Pengamat: Ada Stigma Negatif tentang Pebisnis Arab Saudi
JAKARTA, SATUHARAPAN.COM - Ketua Lembaga Studi Hubungan RI-Timur Tengah, Muhammad Ja'far, mengatakan di kalangan otoritas maupun pengusaha Indonesia ada stigma yang kurang positif tentang pebisnis Arab Saudi. Hal ini terkait dengan beberapa peristiwa, misalnya, belum terealisasinya janji ganti rugi terhadap korban jatuhnya crane di Masjidil Haram, Mekkah, tahun 2016 silam.
Oleh karena itu kunjungan Raja Salman dari Arab Saudi ke Indonesia harus menjadi momentum bagi negara itu untuk memperbaiki citra yang kurang baik tersebut.
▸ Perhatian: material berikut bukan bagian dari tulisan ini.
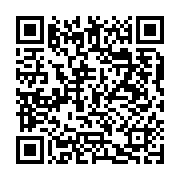 군정소식 페이지 바로가기 주소(https://business.jangseong.go.kr/q/ezMxMDR8MTExfHNob3d8cGFnZT03NzF9&e=M&s=3), QRCODE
Apalagi Arab Saudi harus bersaing dengan negara-negara Timur Tengah lainnya merebut peluang di Indonesia.
"Saya secara pribadi berbicara dengan otoritas dan kalangan pebisnis kita. Ada stigma yang kurang positif terhadap pebisnis Arab Saudi,... ada janji-janji investasi, tetapi dalam realisasinya sangat alot, oleh berbagai faktor. Nah saya melihat ini momentum yang tepat bagi Arab Saudi memperbaiki performa manajemen politik dan bisnisnya," kata Muhammad Ja'far dalam sebuah wawancara dengan televisi swasta Senin (27/2).
Menurut dia, bolanya saat ini ada pada Arab Saudi untuk menghapus stigma negatif tersebut. Sebab, Arab Saudi harus berlomba dengan negara-negara lain dalam menggarap pasar Asia Tenggara, termasuk Indonesia.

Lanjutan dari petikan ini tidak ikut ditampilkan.